## ABOUT THIS EXERCISE
What is needed is an exact reproduction of the lines in the records below, starting at the line with "Fun Full Day" and ending at the line with "Holiday Inn Express", both included, and nothing else; pictures stay out.

## GIVEN DATA
★ ★ ★ ★ ★
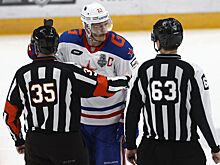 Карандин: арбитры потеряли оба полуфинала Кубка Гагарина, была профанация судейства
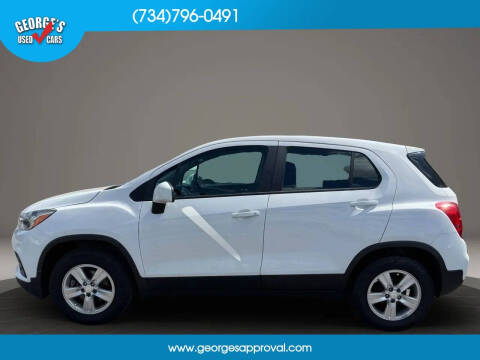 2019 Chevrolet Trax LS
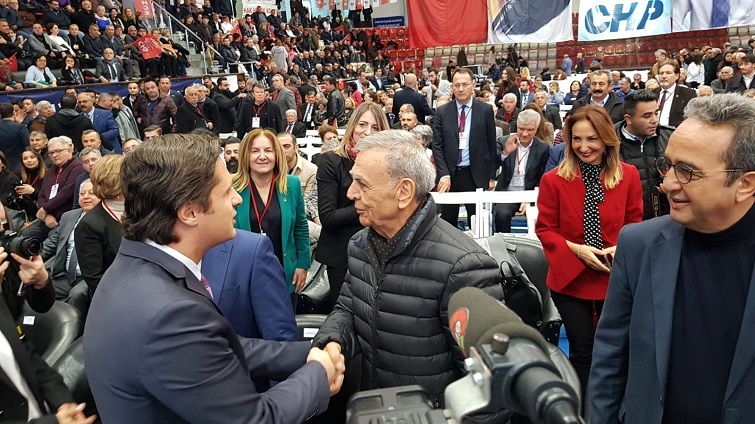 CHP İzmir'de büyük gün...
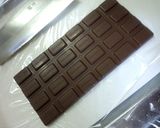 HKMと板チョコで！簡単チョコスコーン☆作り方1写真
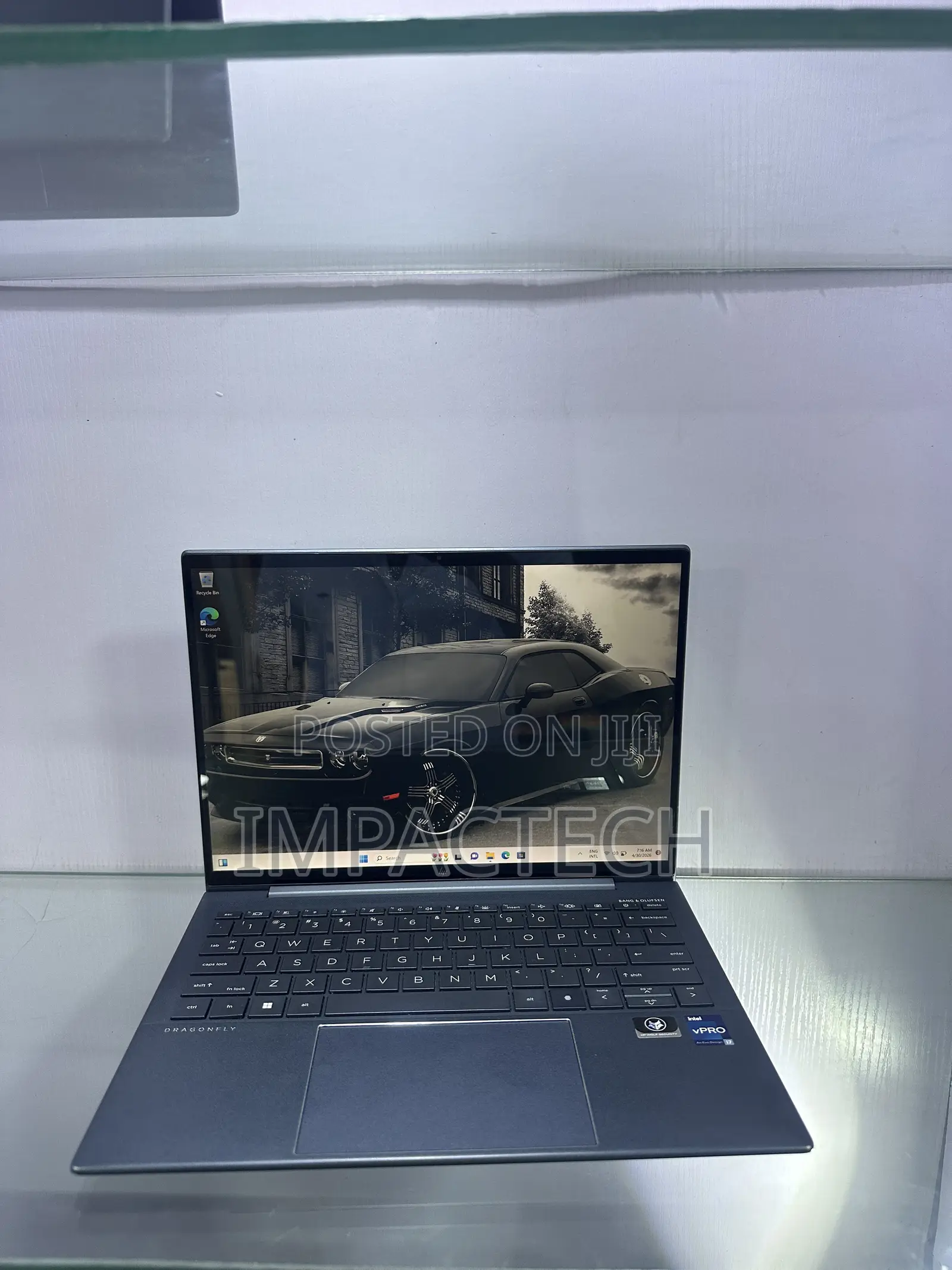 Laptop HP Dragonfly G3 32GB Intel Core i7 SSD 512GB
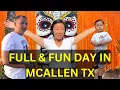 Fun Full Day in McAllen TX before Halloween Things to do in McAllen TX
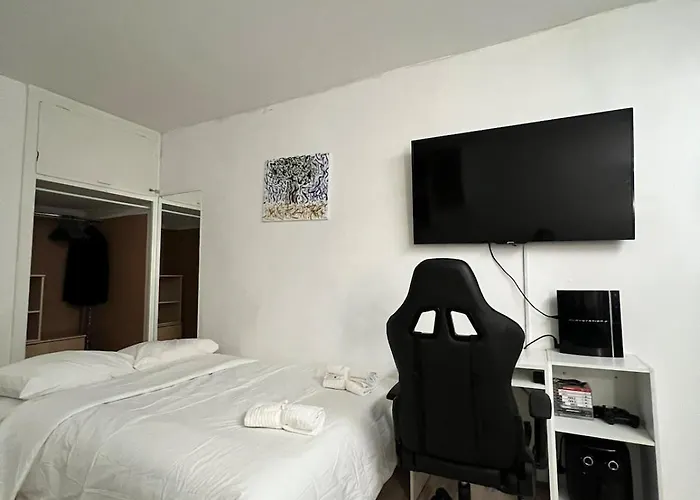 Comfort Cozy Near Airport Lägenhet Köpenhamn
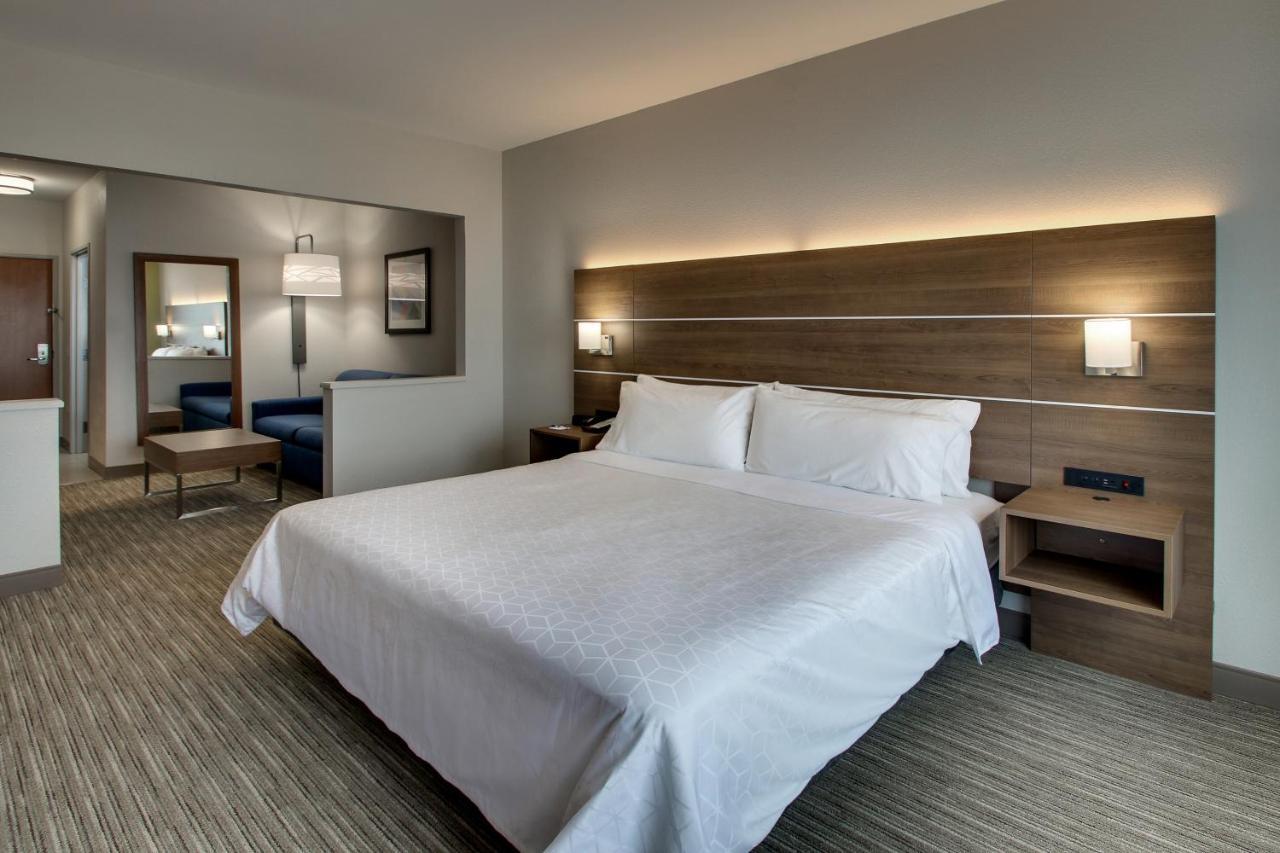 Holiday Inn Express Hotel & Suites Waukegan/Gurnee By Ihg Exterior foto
★ ★ ★ ★ ★
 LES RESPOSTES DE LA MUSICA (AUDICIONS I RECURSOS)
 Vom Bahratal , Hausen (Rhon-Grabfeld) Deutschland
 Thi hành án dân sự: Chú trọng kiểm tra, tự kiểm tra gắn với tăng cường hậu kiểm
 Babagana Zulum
★ ★ ★ ★ ★
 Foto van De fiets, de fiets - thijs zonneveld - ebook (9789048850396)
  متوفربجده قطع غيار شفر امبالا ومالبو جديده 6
★ ★ ★ ★ ★
## EXERCISE RESPONSE
 Fun Full Day in McAllen TX before Halloween Things to do in McAllen TX
 Comfort Cozy Near Airport Lägenhet Köpenhamn
 Holiday Inn Express Hotel & Suites Waukegan/Gurnee By Ihg Exterior foto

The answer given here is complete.